TO DO => Within the entries below, the lines from the one with "The Ventures-Hawaii Five - O" through the one with "Zračni madrac Dura-Beam Classic Pillow Rest" are to be set down exactly, both ends kept.

DATA FOR PROCESSING =>
- - -
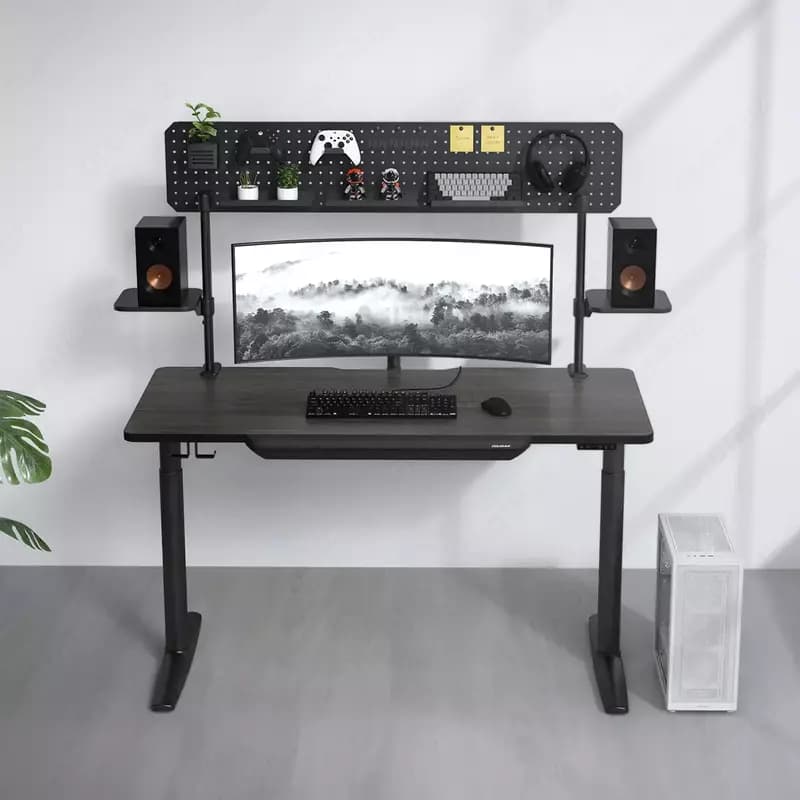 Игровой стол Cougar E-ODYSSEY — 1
- - -
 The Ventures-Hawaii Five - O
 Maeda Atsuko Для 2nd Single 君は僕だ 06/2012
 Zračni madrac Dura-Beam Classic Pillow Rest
- - -
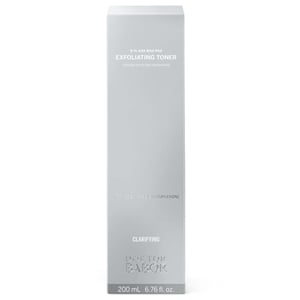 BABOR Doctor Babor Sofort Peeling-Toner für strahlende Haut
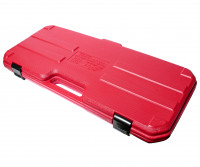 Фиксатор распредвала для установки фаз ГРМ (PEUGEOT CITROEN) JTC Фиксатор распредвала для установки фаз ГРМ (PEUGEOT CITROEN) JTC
- - -
EXERCISE SOLUTION =>
 The Ventures-Hawaii Five - O
 Maeda Atsuko Для 2nd Single 君は僕だ 06/2012
 Zračni madrac Dura-Beam Classic Pillow Rest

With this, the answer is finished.